RicherMans / text_based_depression

Source code for the paper "Text-based Depression Detection: What Triggers An Alert"
45 stars 10 forks source link

Text based depression analysis

Source code for the paper Text-based Depression Detection: What Triggers An Alert

Prequisites

The required python packages can be found in requirements.txt.

torch==1.2.0
kaldi_io==0.9.1
bert_serving_server==1.9.6
pytorch_ignite==0.2.0
numpy==1.16.4
librosa==0.7.0
tabulate==0.8.3
mistletoe==0.7.2
scipy==1.3.0
tqdm==4.32.2
pandas==0.24.2
fire==0.1.3
imbalanced_learn==0.5.0
allennlp==0.8.5
gensim==3.8.0
ignite==1.1.0
imblearn==0.0
nltk==3.4.5
plotnine==0.6.0
scikit_learn==0.21.3
PyYAML==5.1.2

Pretrained models

Pretrained models from the paper are available at The release page.

Dataset

The dataset is freely available for research purposes and can be found here.

Preprocessing

The preprocessing feature extraction scripts can be found in data_preprocess/.

We exclusively use kaldi as our data processing pipeline ( except for extraction ).

Word2Vec features require manual training.

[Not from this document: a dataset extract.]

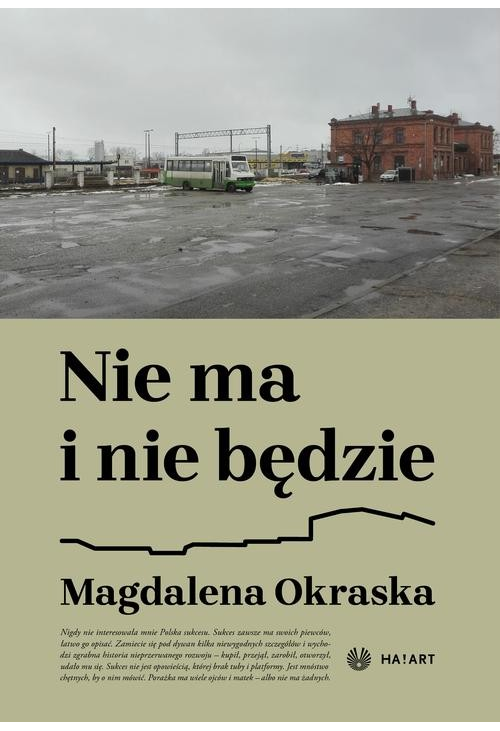 Nie ma i nie będzie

For this purpose, one should create some all_transcripts.csv file with the same format as all other *TRANSCRIPTS.csv files.

The easies way to do that is just use bash or pandas (python) to merge all files into one, removing all headers except the first one e.g.,

cd labels_processed;
python -c "from glob import glob as g; import pandas as pd; pd.concat([pd.read_csv(f,sep='\t') for f in g('*TRANS*.csv')]).to_csv('all_transcripts.csv', index=False, sep='\t')"

Then just run the extract_text_gensim.py script, which extracts 100dim features into the features/text folder.

ELMo features can be rather directly downloaded and pretrained given one installed allennlp. However, BERT embeddings require the download of a pretrained BERT. In order to have easy access to BERT embeddings we use bert serving client. Here we prepared a simple script start_bert_server.sh in order to start the serving client. We recommend the use of screen or tmux.

In order to extract the features, prepare a folder named labels and softlink the train_split_Depression_AVEC2017.csv and dev files into it.

Further prepare the transcripts for feature extraction by directly copying all transcripts into a dir called labels_processed. In other cases pass --transcriptdir OUTDIRNAME to any of the extraction scripts.

Running the code

The main script of this repo is run.py.

The code is centered around the config files placed at config/. Each parameter in these files can be modified for each run using google-fire e.g., if one opts to run a different model, just pass --model GRU.

run.py the following options ( ran as python run.py OPTION):

Notes

Due to the limited amount of training data, reproducing the results might be problematic. In our work we specifically pointed out that the proposed results are chosen as the peak over multiple runs.